With respect to Dr. Abdel-Karim, who even knows when the gentleman last got some sleep, as he has become the international go to source on the current fast moving and potentially catastrophic developments at Palmyra (Tadmor). It is here, just 200 miles northeast of Damascus, and fewer than 20 miles from raging Da'ish (ISIS) fighters who have stunned the world and terrified the more than 70,000 citizens by invading eastern Homs governance, that jihadists are currently closing in on the UNESCO World Heritage site, Palmyra.
Every 30 minutes Dr.Abdel-Karim takes an assessment call from staff at the Palmyra Museum where this observer has spent time and was given tours last year of its breathtaking collection of antiquities, some having been recovered from looters, with the help of INTERPOL along with modest, but not enough, help from the neighboring governments of Lebanon, Turkey, Iraq and Jordon.
Just posted Videos on U-tube on the Protect Syrian Archeology website show the fighting on 5/15/2015 between the Da'ish and the Syrian army near the Citadel. The day before, 5/14/2015, the UK Guardian presented a report showing ISIS jihadists at the gates of Palmyra while the UK Telegraph published a series of high-resolution photos two days ago. According to the provincial governor, Talal Barazi, Da'ish has now brought up reinforcements from the Euphrates Valley to the east.
Da'ish has also carried out successive attacks on the outskirts of Palmyra, seizing full control of the town of Al-Sukhna that lies on the Palmyra-Deir Ezzor highway 65 kilometers northeast of Palmyra and subsequently attacking Al-Sukhna, Al-Amiriyah, the Al-Amiriyah storehouses and dozens of checkpoints around Al-Sukhna, managing to take complete control of the towns within 10 hours, according to sources at the scene.
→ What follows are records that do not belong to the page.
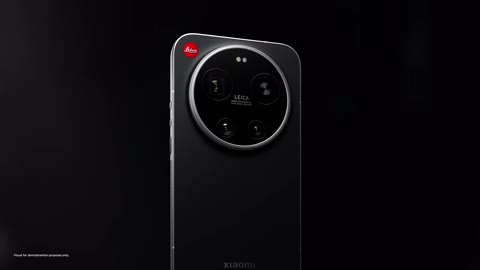 Beat 8: Full phone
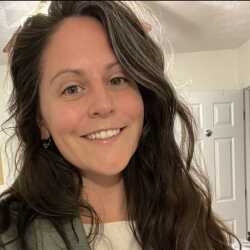 looking for sex is Grace , 42 from from London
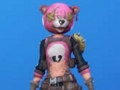 Spil Malebog til Fortnite  online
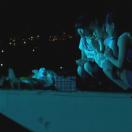 StillCut_6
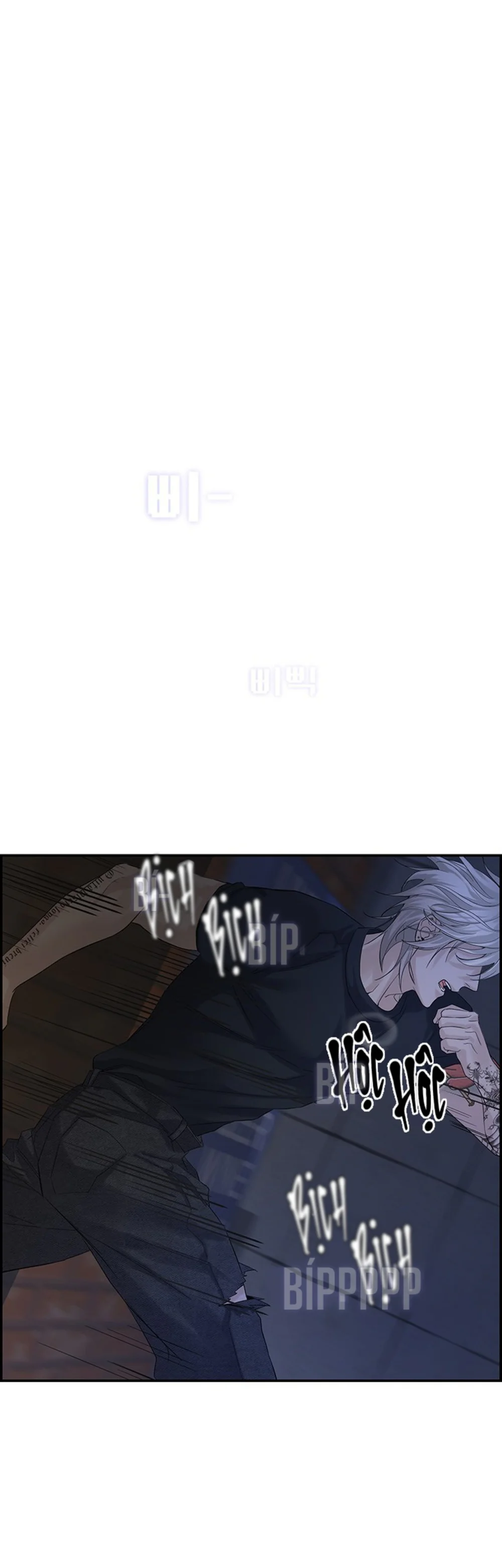 Tuyển Tập Sẽ Chết Nếu Không Làm Tình Chapter 13 Trang 54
In nearby Amriya, Da'ish is reported to have executed 23 family members of Syrian government workers on 5/16/2015 and the same source reports Da'ish executed 26 people in al Amriya and nearby al Sukhna on 5/14/2015. Both villages are about 45 miles (70 kilometers) northeast of Palmyra.
As of mid-afternoon 5/18/2015, the threatening situation at the archaeological site is eerily calm. For the moment. A source at the scene reports that the Syrian military has forced ISIS militants to withdraw to the borders of the archaeological site and fighting is raging outside Palmyra with heavy artillery exchanges in the west of the town. Dr. Maamoun has just reported to us that ISIS has not entered the city yet, and added that "we hope these barbarians will never enter"if the militants make it to Palmyra, it will be a repetition of the barbarism and savagery which we saw in Nimrud, Hatra, and Mosul. If that happens, a major chapter in Middle Eastern history and culture will be yet another casualty of this tragic conflict.
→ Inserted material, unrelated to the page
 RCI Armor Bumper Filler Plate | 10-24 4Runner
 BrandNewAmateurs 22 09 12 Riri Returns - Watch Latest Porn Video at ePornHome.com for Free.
British historian Tom Holland describes the Palmyra as "an extraordinary fusion of classical and Iranian influences intermixed with various Arab influences as well and the destruction of Palmyra wouldn't just be a tragedy for Syria, it would be a loss for the entire world." This is because Syria's cultural heritage isn't just about Middle Eastern history. Syria is a wellspring of the global culture of all of us. The consequences of its destruction could not be more ominous in terms of conservation and the identity of our specie.
Why Palmyra matters
Palmyra, is known here as the 'Venice of the Sands", an appellation applied by Thomas Edward Lawrence and others because like Venice, this magnificent city formed the hub of a vast trade network, only with the desert being its sea and camels its ships. Among the massive ruins at Palmyra this observer was shown a plaque taken from T.E. Lawrence's autobiography, The Seven Pillars of Wisdom where the archeologist-soldier wrote : " Nothing in this scorching, desolate land could look so refreshing."
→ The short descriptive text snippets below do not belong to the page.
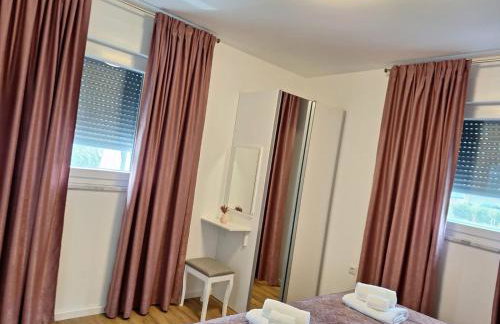 Villa Romansa - Foto 26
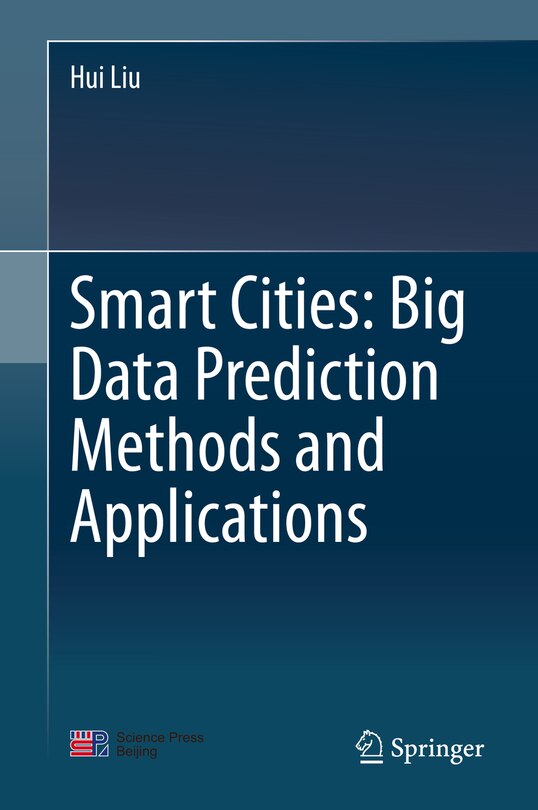 Couverture_Smart Cities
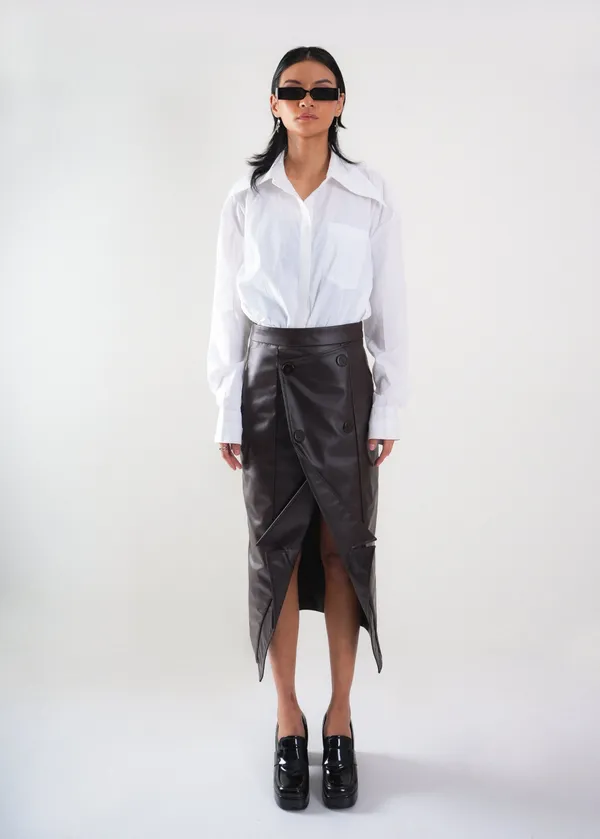 Inverted_Coat_Skirt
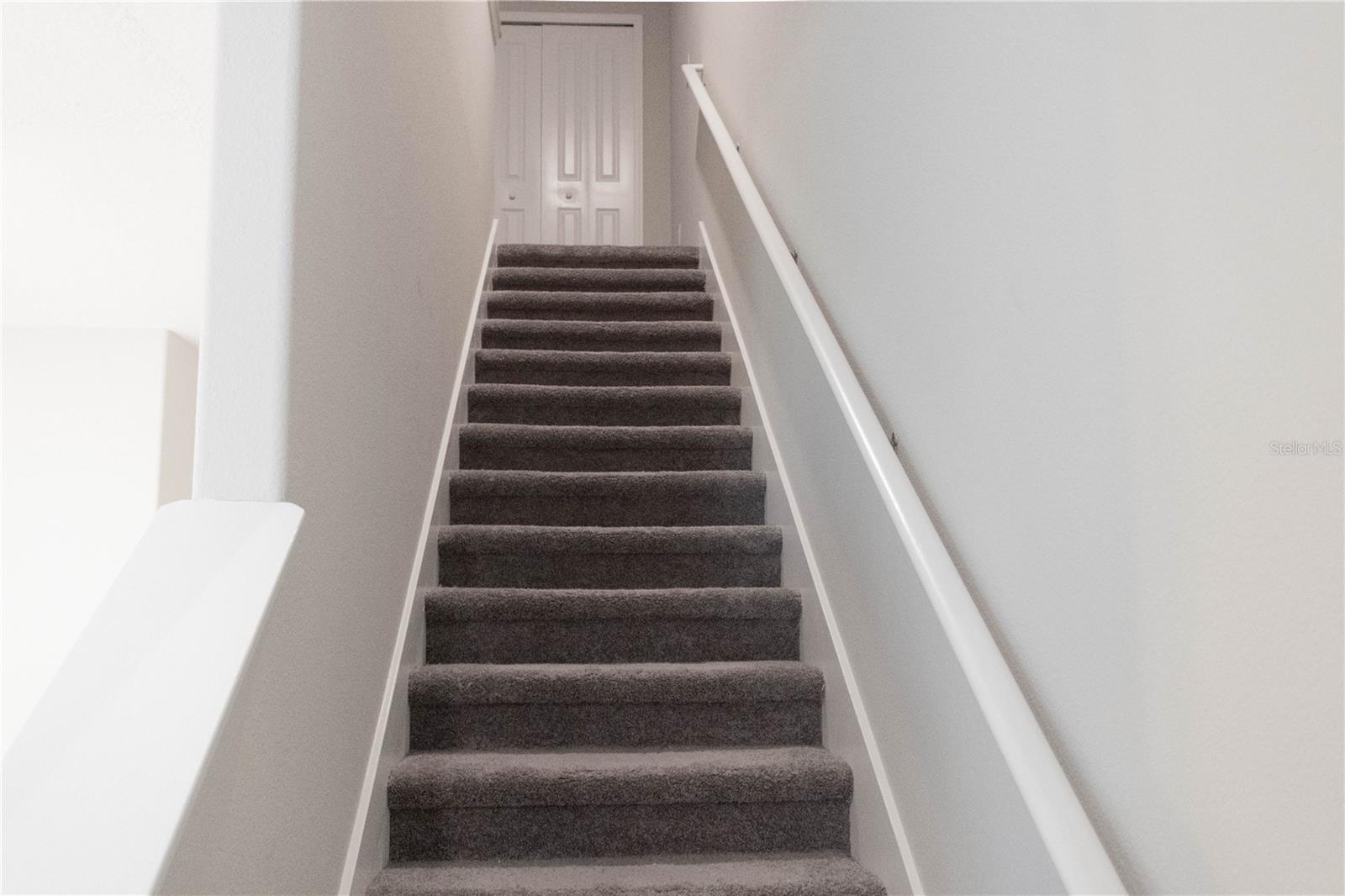 TOUCHSTONE PH 2 - Residential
Crime novelist Agatha Christie who accompanied her archaeologist husband, Max Mallowan, to the site, called Palmyra "lovely and fantastic and unbelievable." And so it is--as of this afternoon (5/18/2015). But another world wonder may well be on the brink of destruction. Palmyra is in the crosshairs of militants fighting with the self-proclaimed Islamic State who three months ago severely damaged archeological sites at Nimrud and Hatra across the border in Iraq.